Missing link in banks' restructuring

By Muhammad Shahbaz Jameel


Our policy makers have come a long way in restructuring its financial sector. The reforms cover both- money markets as well as capital markets. The impetus to change came from the World Bank which almost always targets the financial sector of a country as a first step. The programmes's ownership lay outside the country with almost no support from the parliament as well as with the popular economic writers.

Thus we saw a lot of obstacles in the programmes's implementation. As a result the pace of reforms suffered, and instead of a smooth transition we saw several false start signals.

This led to many investors as well as financial advisors getting disgruntled and leaving Pakistan. Important lessons can be learnt from the restructuring exercise in the financial sector, and perhaps it would be wise not to repeat the same mistakes when it comes to restructuring the telecom and the energy sectors.

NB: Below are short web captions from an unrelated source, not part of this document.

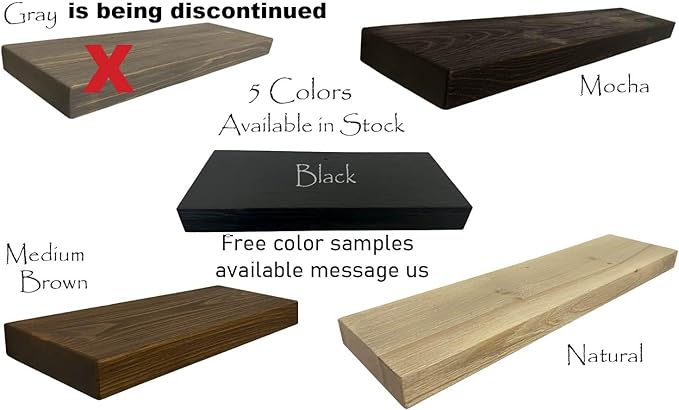 joelsantiques - 42 Inch Wooden Floating Shelves for Wall - 42x6x2 in - Made of Natural Wood - Long Heavy Duty Rustic Wall Shelves for Bedroom - Perfect for Living Room, Kitchen - Black-Ruum Studio Home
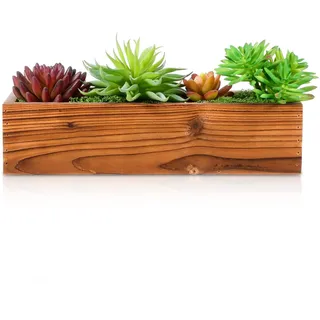 Pflanzkübel Holz Imprägniert Wetterfest Hochbeet Blumenkasten Balkon | Kleiner Blumenkasten aus Holz, Pflanzkästen Holz Klein, Kräuter Holzkiste für Garten Terrasse, Rattan Pflanzkorb Deko
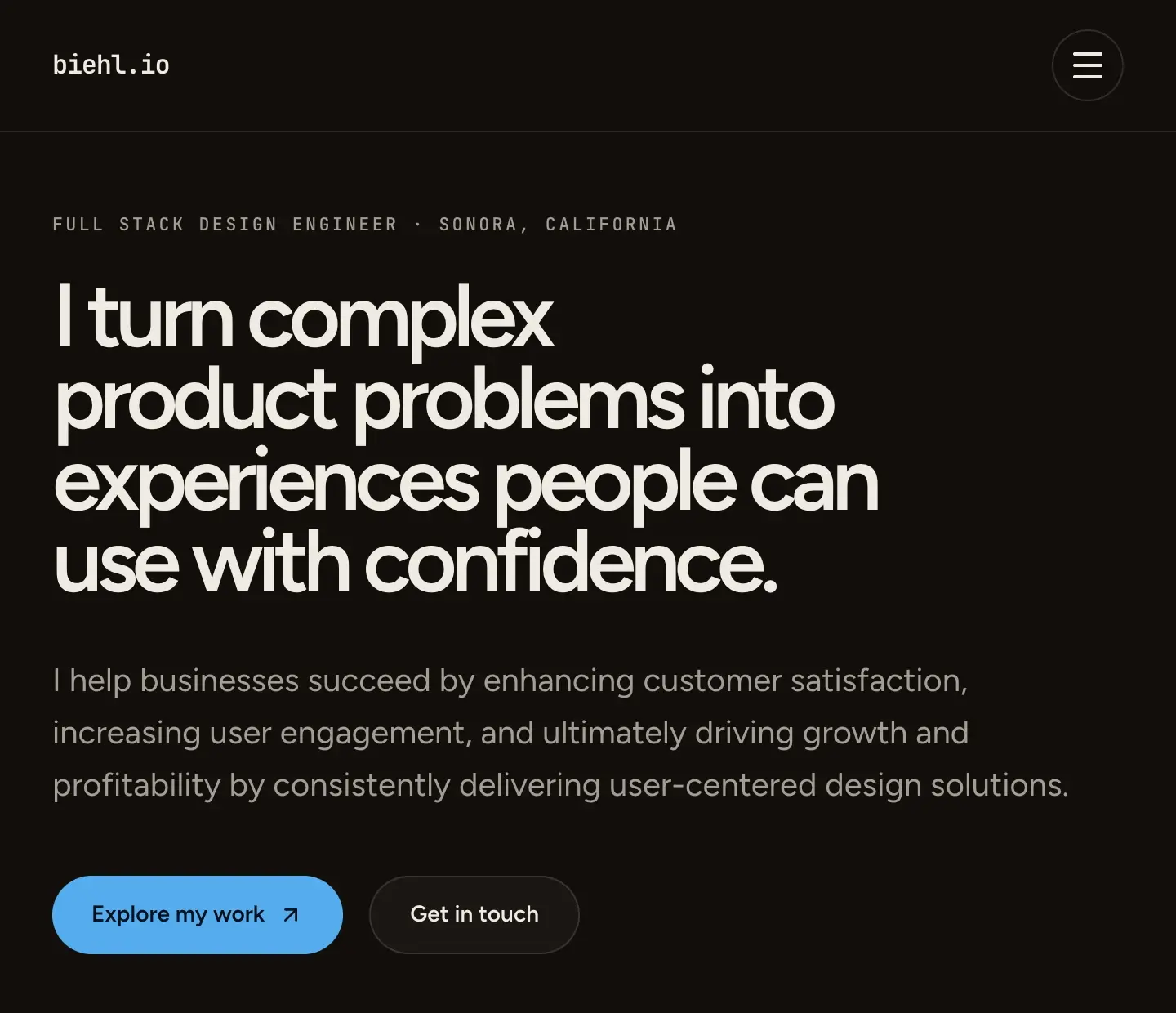 Current biehl.io portfolio homepage introduction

Beginning 1991, with guidance from the International Monetary Fund (IMF) and the World Bank, the Nawaz government privatized the Allied Bank Limited (ABL) and the Muslim Commercial Bank (MCB).

The ABL was sold to its employees, while the MCB was sold to a group of leading domestic industrialists. Under another initiative the Asian Development Bank (ADB) sponsored the financial markets deepening and strengthening programme.

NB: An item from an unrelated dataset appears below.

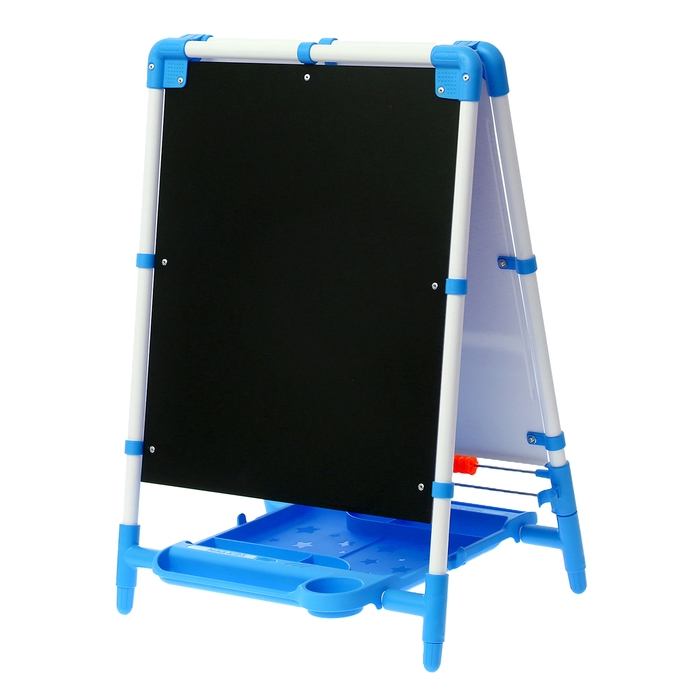 Мольберт детский двусторонний &laquo;Доска знаний&raquo;, регулируется по высоте, + учебные принадлежности, цвет голубой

By the end of 2003 the United Bank Limited (UBL) and the Habib Bank Limited (HBL) had been privatized. The ABL is once again in the market for management control under a restructuring scheme of the regulator, the State Bank of Pakistan (SBP).

The regulators are rightfully content for having transferred about 80 per cent of the banking sector assets under the private sector management. The reforms have been largely successful, and have paved the way for secondary and tertiary wave of adjustments in the financial sector. But they don't seem to be coming as fast as they should have.

The MCB was the first bank governed by private sector's leading industrialists. What did they do with it? Absolutely nothing, except hiring a few strong relationship managers who could primarily disburse large amounts of credit in relatively short period of time.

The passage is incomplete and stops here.